Every so often, a combination of my ever more gargantuan classical CD collection, of my own shifting tastes in classical music, and of my particular life circumstances result in me experiencing musical binges, of various sorts over the years, during which I binge-listen to a particular category of music.

Sometimes a binge will focus on a single piece of music. At other times, as recently, it consists of constantly listening to a particular category of music.

When Lockdown began, at that now vanished time when I and millions of others were genuinely scared that our lives might be about to end prematurely, I found myself listening to, of all things, Haydn symphonies, again and again and again and again. I possess many CDs of Haydn symphonies. Here are about two thirds of them:

That’s a lot of Haydn symphonies, and there are about half as many again still on the shelves, which I also listened to. Plus I even bought another great box of them, because I already had one of the CDs in question and really liked it when I listened to it again.

Haydn is in many ways the “ideal type” of the Classical Music Composer. If you really like his orchestral music, then it can be said with confidence that you really like classical music. What makes me say this is that his music seems to me to posses an absolutely satisfaction with the musical means that were available for its making, and no feeling whatsoever that “art” means in some way feeling obliged to transcend these means, in the manner of someone breaking out of a prison or of dreaming of such a breakout. Put it like this. If Mozart or Beethoven had lived at a different and later time, when musical technology had expanded, you get the strong feeling that their music would have sounded very different and a lot more dramatic. With Haydn, I feel as if it would probably have sounded much as it sounds now.

This is especially true of his earlier symphonies, which I found myself preferring, during my binge. My habit was to assemble all the performances of Haydn symphonies by one conductor and ensemble, and then listen to them in chronological order. And I found that the later symphonies, to my ear, had a bombast and an assertiveness about them that I found, by comparison with the earlier ones, unappealing. Basically, the symphonies he wrote for his aristocratic bosses in Vienna and nearby places struck me as wonderful, utter perfection. But, the later symphonies that he wrote for bigger and less grand audiences, less old money and more new money, in places like Paris and London, London especially, felt to me like Haydn forcing himself to express feelings that his audiences felt more strongly than he did.

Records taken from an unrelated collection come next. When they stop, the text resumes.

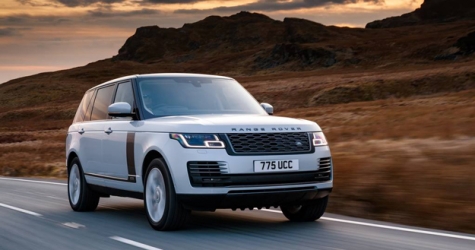 В России стартовали продажи обновленного внедорожника Range Rover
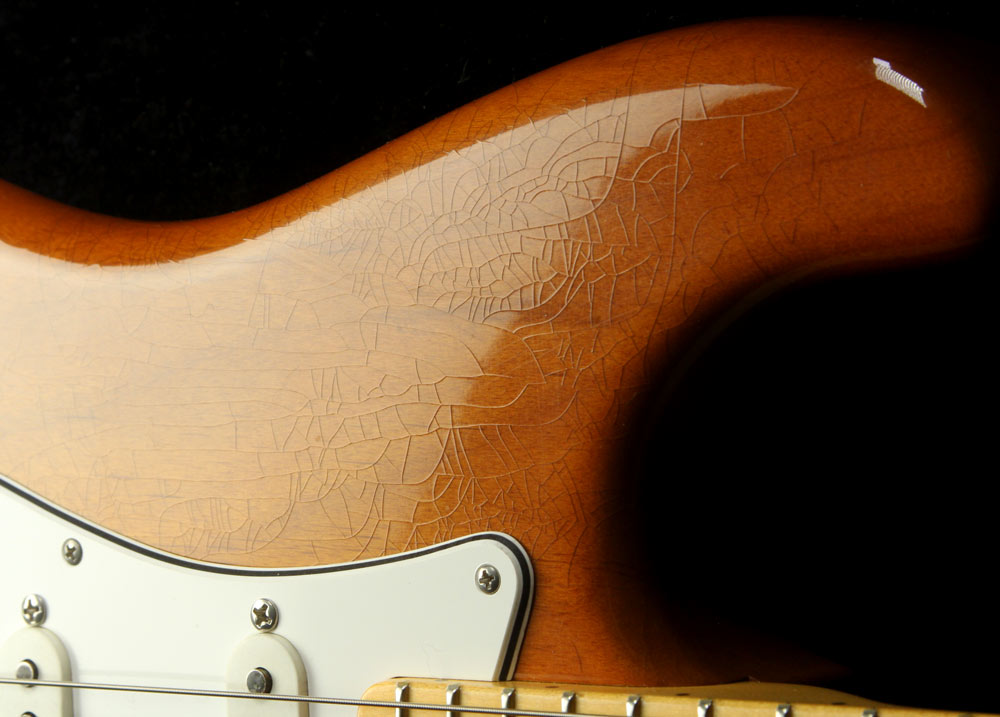 Used 2012 Fender Custom Shop '62 Stratocaster Closet Classic Electric Guitar Honey Burst with Matching Headstock — 6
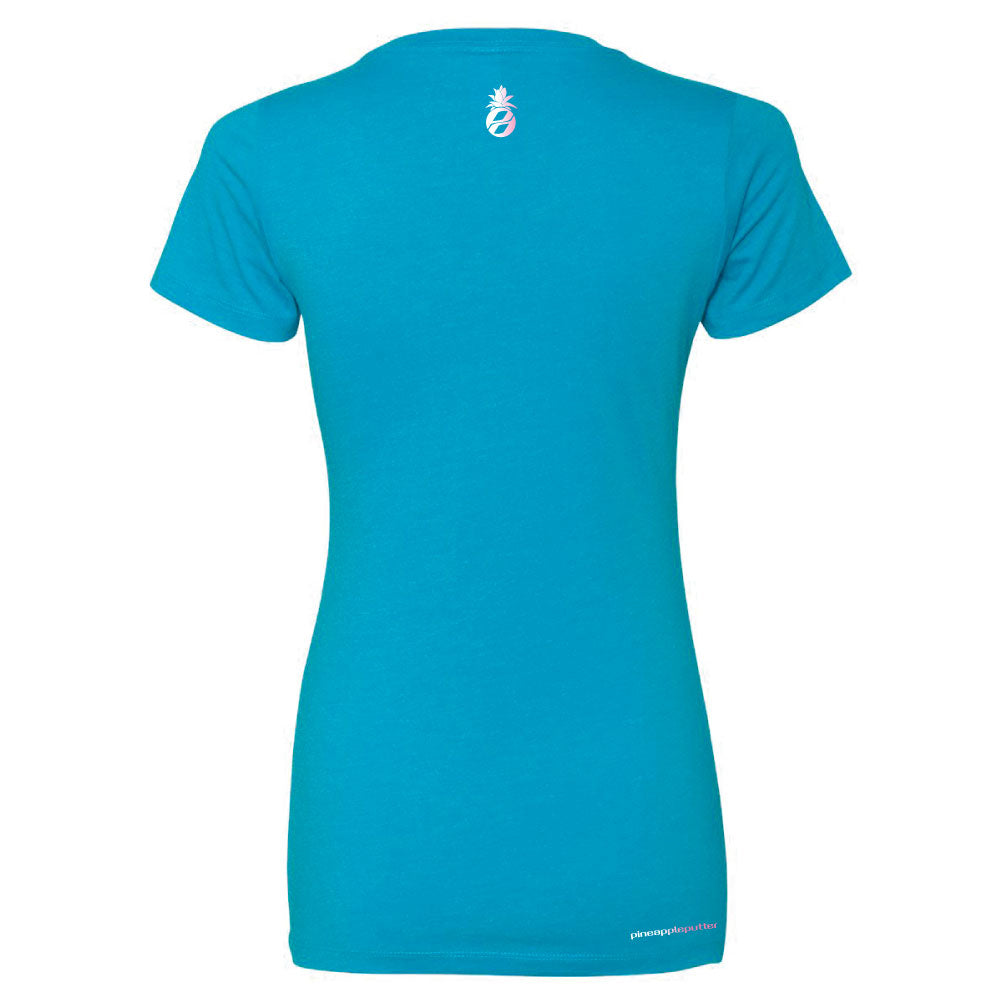 Vintage Turquoise, So Good Ladies Tee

It may very well be that actually, Haydn felt horribly imprisoned when he wrote his earlier symphonies, and liberated when writing his later ones. But what I was hearing was a case of one kind of atmosphere, which I found perfectly (and I do mean perfectly) appealing, compared to another that was less congenial. Raucous brass instruments, and above all the percussion, started to interrupt the serene perfection of the earlier symphonies. Bang bang bang, wah wah wah. The later symphonies sounded to me, by comparison, to be bourgeois, in a bad way. Nouveau riche, rather than old riche. New money waving itself in the air, rather than old money simply taking its ease, without fuss or the need to assert itself too stridently. It was as if Haydn had moved from a world where he was in perfect command of his art, to one where he was stressing and straining after something that came less naturally to him.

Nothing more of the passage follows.